While most couples try and file for bankruptcy together, there are some in which one of the parties does not feel like it’s something they want to do. And you know what? That’s fine.
There have been hundreds (probably thousands, when I really think about it) of cases where a husband, or a wife, but not both has filed bankruptcy. While it makes sense in a case where both spouses have a lot of joint debt, it is certainly never a requirement that both of them file. In fact, there are some situations in which it makes no sense for both husband and wife to do it.
For example, if the debt that’s causing you to struggle is your own debt (and not joint, marital debt), it might be easier on your marriage if you file solo.
It’s usually best if the spouse doesn’t file if they have to do something like take out a loan in the near future. This is sometimes a useful strategy to help the couple rebuild credit even before the case is completed.
Another good example is when the couple owns property they purchased together in the marriage and there is a lot of equity. If they file together, they could potentially lose that property to creditors, but if the debt is not joint, one spouse can file and be able to protect the property from creditors in its entirety
Finally, there are some situations where it would be better for a person to wait a few months before filing bankruptcy. If that’s the case, then it may make sense for the spouses to file separately—one now, and the other to wait.

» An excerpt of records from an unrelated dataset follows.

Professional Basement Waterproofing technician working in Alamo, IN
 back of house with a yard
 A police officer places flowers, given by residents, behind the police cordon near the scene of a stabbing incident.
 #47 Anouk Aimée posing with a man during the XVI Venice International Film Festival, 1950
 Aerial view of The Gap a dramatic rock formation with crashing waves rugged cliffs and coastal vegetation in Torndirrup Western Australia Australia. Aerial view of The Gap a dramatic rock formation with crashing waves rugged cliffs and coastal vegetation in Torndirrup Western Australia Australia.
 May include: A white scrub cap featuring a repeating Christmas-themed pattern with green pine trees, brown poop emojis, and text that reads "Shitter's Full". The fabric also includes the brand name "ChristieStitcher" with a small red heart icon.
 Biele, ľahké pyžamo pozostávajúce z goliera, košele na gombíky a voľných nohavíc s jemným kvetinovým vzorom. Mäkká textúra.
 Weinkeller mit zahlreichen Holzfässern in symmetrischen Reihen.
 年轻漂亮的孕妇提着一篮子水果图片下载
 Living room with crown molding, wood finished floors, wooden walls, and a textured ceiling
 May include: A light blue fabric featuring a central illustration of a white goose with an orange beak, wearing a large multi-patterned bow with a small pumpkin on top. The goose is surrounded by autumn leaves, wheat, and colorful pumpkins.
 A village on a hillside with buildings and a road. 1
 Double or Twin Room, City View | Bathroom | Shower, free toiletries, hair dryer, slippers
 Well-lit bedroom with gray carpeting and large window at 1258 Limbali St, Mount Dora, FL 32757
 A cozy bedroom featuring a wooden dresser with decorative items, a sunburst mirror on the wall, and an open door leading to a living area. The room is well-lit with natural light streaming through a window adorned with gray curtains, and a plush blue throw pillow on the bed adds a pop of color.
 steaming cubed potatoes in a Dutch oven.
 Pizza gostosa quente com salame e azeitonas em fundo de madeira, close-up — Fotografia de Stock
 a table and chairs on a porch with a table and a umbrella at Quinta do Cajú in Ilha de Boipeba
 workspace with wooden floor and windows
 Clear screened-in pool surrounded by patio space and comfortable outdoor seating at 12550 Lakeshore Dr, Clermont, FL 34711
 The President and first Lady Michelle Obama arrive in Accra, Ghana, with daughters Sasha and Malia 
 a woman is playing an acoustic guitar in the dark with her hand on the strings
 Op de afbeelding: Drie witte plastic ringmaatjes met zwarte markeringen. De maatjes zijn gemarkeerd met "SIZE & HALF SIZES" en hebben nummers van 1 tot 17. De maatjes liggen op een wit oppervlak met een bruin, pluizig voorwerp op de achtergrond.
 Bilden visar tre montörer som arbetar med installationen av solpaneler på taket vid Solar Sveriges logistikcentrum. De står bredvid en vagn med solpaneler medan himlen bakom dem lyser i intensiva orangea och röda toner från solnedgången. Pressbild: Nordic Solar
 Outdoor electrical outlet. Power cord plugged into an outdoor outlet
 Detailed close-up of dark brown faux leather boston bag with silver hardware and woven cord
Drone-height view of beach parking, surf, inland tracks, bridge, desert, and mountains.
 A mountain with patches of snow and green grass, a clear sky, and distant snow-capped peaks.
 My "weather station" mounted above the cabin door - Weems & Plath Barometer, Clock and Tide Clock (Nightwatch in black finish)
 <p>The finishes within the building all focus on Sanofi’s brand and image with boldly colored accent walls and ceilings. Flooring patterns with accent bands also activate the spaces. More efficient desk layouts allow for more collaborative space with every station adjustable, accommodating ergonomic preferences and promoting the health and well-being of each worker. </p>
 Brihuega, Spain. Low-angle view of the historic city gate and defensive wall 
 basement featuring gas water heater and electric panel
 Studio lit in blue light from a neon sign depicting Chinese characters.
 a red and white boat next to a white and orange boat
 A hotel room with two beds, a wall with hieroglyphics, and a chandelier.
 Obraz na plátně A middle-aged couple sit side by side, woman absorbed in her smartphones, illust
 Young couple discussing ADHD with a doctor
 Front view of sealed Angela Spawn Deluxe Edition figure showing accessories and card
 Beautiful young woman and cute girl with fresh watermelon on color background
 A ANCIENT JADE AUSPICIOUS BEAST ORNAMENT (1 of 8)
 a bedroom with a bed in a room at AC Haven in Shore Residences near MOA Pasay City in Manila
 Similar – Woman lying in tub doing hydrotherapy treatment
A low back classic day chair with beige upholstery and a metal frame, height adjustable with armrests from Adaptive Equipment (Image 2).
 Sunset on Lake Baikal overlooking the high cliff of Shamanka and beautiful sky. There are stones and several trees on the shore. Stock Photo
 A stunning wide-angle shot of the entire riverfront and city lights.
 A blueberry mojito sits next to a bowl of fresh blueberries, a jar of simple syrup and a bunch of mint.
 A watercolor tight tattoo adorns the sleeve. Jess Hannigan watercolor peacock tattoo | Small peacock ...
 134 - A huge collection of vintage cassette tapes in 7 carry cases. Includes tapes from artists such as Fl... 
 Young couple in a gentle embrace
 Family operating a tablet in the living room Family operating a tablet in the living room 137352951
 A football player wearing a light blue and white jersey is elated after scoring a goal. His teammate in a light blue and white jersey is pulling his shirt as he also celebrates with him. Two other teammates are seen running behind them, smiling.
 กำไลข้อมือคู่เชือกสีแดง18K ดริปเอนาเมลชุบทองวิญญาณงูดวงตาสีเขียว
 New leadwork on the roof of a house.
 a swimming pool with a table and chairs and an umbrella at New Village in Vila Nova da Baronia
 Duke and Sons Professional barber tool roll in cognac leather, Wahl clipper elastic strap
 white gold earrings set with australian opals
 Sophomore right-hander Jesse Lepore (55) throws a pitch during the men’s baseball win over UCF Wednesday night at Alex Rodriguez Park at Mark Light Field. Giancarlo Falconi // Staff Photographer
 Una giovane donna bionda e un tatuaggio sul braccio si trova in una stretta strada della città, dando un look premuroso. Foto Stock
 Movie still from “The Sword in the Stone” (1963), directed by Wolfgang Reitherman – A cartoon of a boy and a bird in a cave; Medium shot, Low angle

Bankruptcy is a big decision, and it’s always one that you will want to discuss with your spouse, whether or not you plan to file with them. If you do end up deciding to file separately, it’s still important to consider any joint debts. If you file bankruptcy, your creditors can’t come after you. But if there are two names listed on the debt, and one of them files for bankruptcy protection while the other doesn’t…. who do you think is going to start receiving a lot of phone calls?
Filing for bankruptcy is a big step, and deciding whether or not to file with your spouse is one of the many complicated questions it brings up. The best kind of bankruptcy attorney will get in-depth with you and go over all of this information to help you make your decision.